Modeling high-dimensional heterogeneous data with non-ignorable missingness (MNAR) coupled with variable selection remains a fundamental challenge. Method: We propose the first unified framework jointly addressing clustering, variable selection, and MNAR mechanism modeling. Our approach introduces an EM-type penalized likelihood estimation framework, incorporating a latent-cluster-dependent missingness model and a data-driven adaptive sparse penalty matrix. Contribution/Results: We establish, for the first time under MNAR assumptions, double asymptotic consistency—simultaneously for clustering and variable selection. Extensive experiments on simulated and real transcriptomic datasets demonstrate substantial improvements in clustering accuracy and relevant gene identification, while maintaining statistical robustness and computational efficiency.

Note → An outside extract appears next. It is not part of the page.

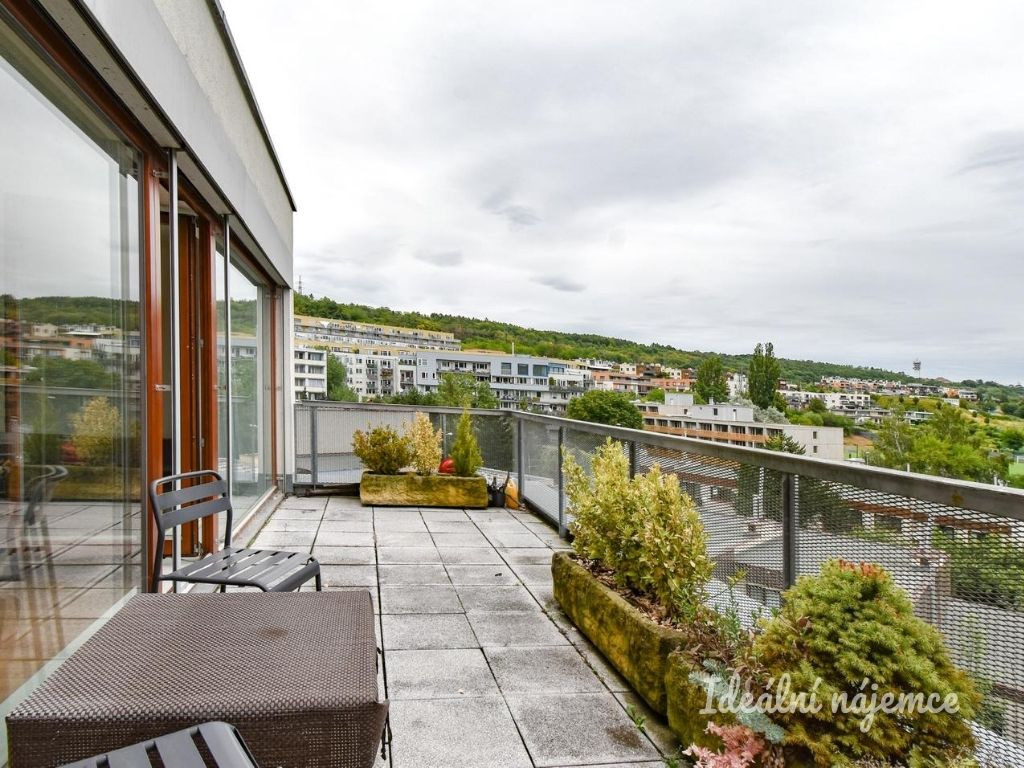 Pronájem 2+kk, Praha - Košíře, Kotlářka, 27.000 Kč / měsíc, 44 m2 + terasa 16m2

Model-based clustering integrated with variable selection is a powerful tool for uncovering latent structures within complex data. However, its effectiveness is often hindered by challenges such as identifying relevant variables that define heterogeneous subgroups and handling data that are missing not at random, a prevalent issue in fields like transcriptomics. While several notable methods have been proposed to address these problems, they typically tackle each issue in isolation, thereby limiting their flexibility and adaptability. This paper introduces a unified framework designed to address these challenges simultaneously. Our approach incorporates a data-driven penalty matrix into penalized clustering to enable more flexible variable selection, along with a mechanism that explicitly models the relationship between missingness and latent class membership. We demonstrate that, under certain regularity conditions, the proposed framework achieves both asymptotic consistency and selection consistency, even in the presence of missing data. This unified strategy significantly enhances the capability and efficiency of model-based clustering, advancing methodologies for identifying informative variables that define homogeneous subgroups in the presence of complex missing data patterns. The performance of the framework, including its computational efficiency, is evaluated through simulations and demonstrated using both synthetic and real-world transcriptomic datasets.